The crafty pitcher plant, which traps its prey by creating a slick surface, has inspired Harvard scientists to create a liquid-repellant coating that works much the same way.
The new material repels just about any type of liquid, even under harsh conditions, giving it strong potential as an anti-fouling, anti-icing or anti-graffiti coatings, the researchers say.
Slippery When Wet
“Bioinspired self-repairing slippery surfaces with pressure-stable omniphobicity” (or “Slippery When Wetted,”), published online Sept. 21 in the journal Nature, details the new research and the scientific quest for a durable synthetic surface that repels liquids.
Photo: Walter Federle, Ulrike Bauer and Holger Bohn
|To repel water, the pitcher plant locks in a water layer, creating a slick coating on top. The fluid itself becomes the repellent surface.|
For more than 10 years, researchers have drawn their inspiration from lotus leaves in developing liquid-repellent, micro-textured surfaces.
Those “surfaces are, however, still plagued with problems that restrict their practical applications,” the researchers note. Among the drawbacks: The materials have been expensive to produce and unable to self-heal.
The new approach, inspired by Nepenthes pitcher plants, “is conceptually different from the lotus effect, because we use nano/microstructured substrates to lock in place the infused lubricating fluid,” the authors say.
The team has created a simple, versatile lubricant that, when infused in fluid, forms a “stable, defect-free and inert ‘slippery’ interface.”
This so-called Slippery Liquid-Infused Porous Surface (SLIPS) outperforms both its natural and synthetic counterparts in its ability to repel a wide variety of liquids and solids, says principal investigator Joanna Aizenberg, Amy Smith Berylson Professor of Materials Science at the Harvard School of Engineering and Applied Sciences (SEAS).
The coating repairs itself almost instantaneously when damaged, resists ice, is easy and inexpensive to manufacture, and stands up to harsh environments, the researchers say.
When Plants Meet Ants
The research is a spin on the behavior of the pitcher plant, whose cupped leaves become virtually frictionless surfaces after a rain. “Sweet-smelling and elegant, the carnivore attracts ants, spiders, and even little frogs,” Harvard reports in an article. “One by one, they slide to their doom.”

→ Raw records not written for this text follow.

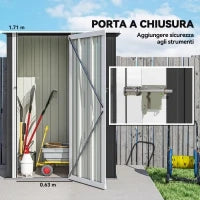 Casetta Porta Attrezzi Capanno in Acciaio Impermeabile 142x84x189cm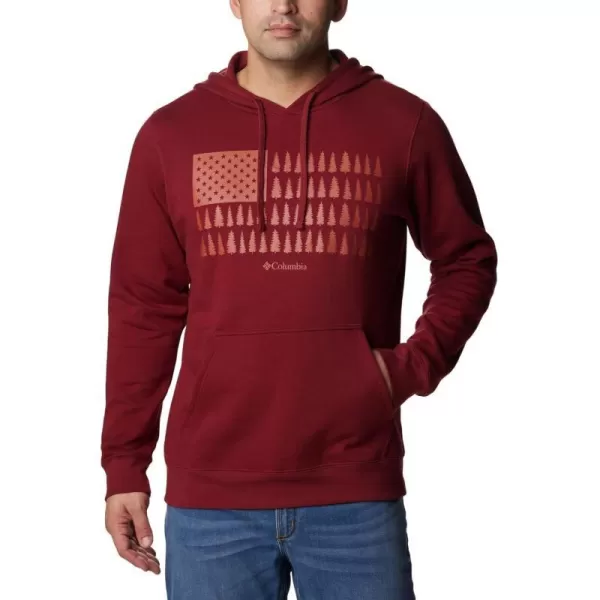 Columbia Mens Trek Graphic HoodieRed Jasper  Treeline Flag Graphic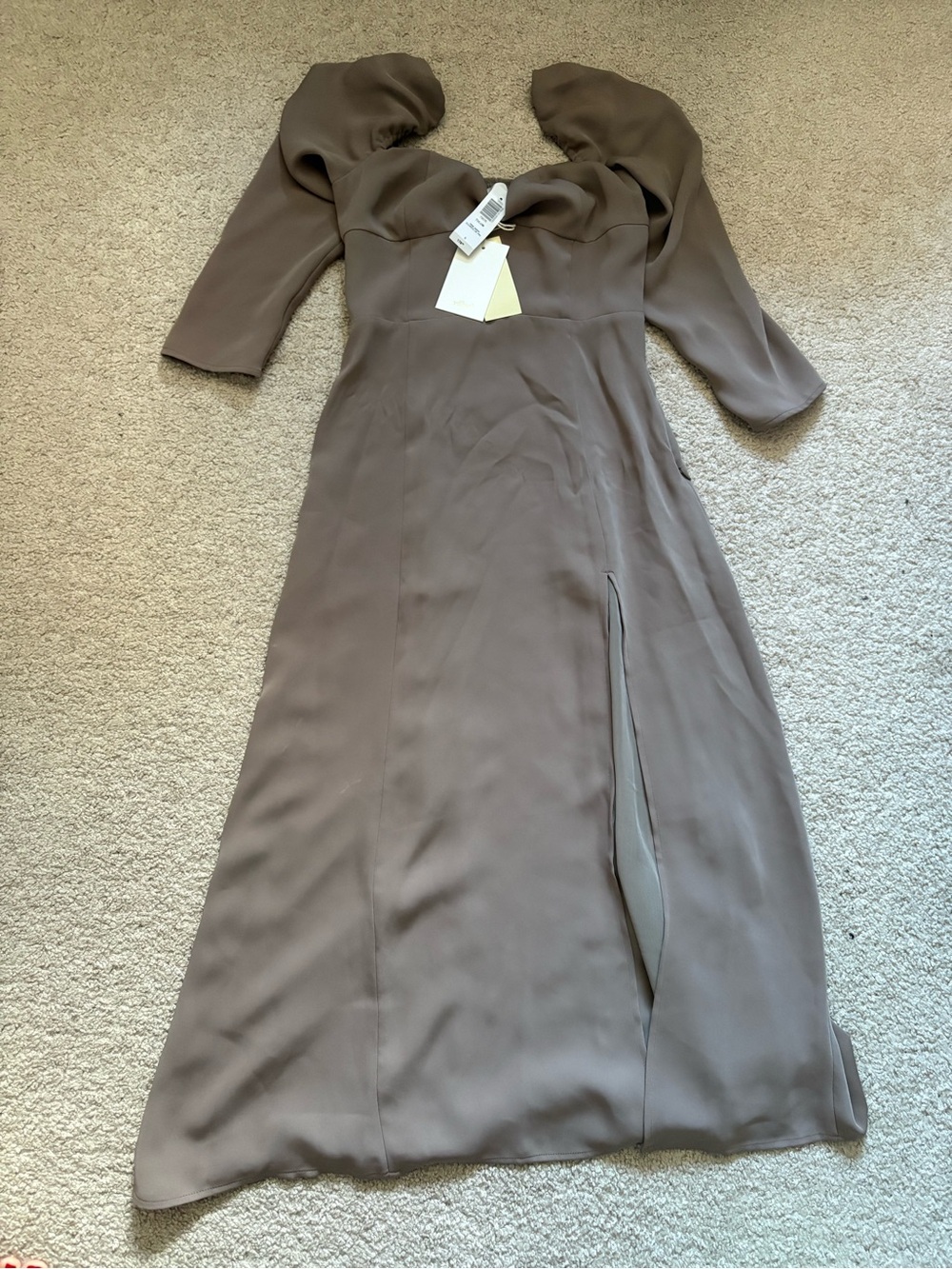 Wilfred Taupe Long-Sleeve Puff-Sleeve Slit Maxi Dress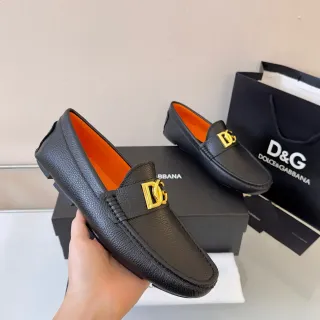 Dolce & Gabbana Logo 黑橙乐福鞋 颗粒皮革 金色扣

(The Harvard coating was also tested with ants, to the ants’ detriment.)
“The effect is similar to when a car hydroplanes—the tires literally gliding on the water, rather than the road,” says lead author Tak-Sing Wong, a postdoctoral fellow in Aizenberg’s lab. “In the case of the unlucky ants, the oil on the bottom of their feet will not stick to the slippery coating on the plant. It’s like oil floating on the surface of a puddle.”
Researchers say the effect persists even under extreme conditions: in high pressures (as much as 675 atmospheres, equivalent to seven kilometers under the sea), humidity and colder temperatures. In outdoor testing conducted after a snowstorm, SLIPS withstood the freezing temperatures and even repelled ice, they said.
Image: Peter Allen and James C. Weaver
|A Harvard illustration shows one step in the process of manufacturing slippery liquid-infused porous surfaces (SLIPS).|
“The versatility of SLIPS, their robustness and unique ability to self-heal, makes it possible to design these surfaces for use almost anywhere, even under extreme temperature and pressure conditions,” says Aizenberg. “It potentially opens up applications in harsh environments, such as polar or deep-sea exploration, where no satisfactory solutions exist at present.”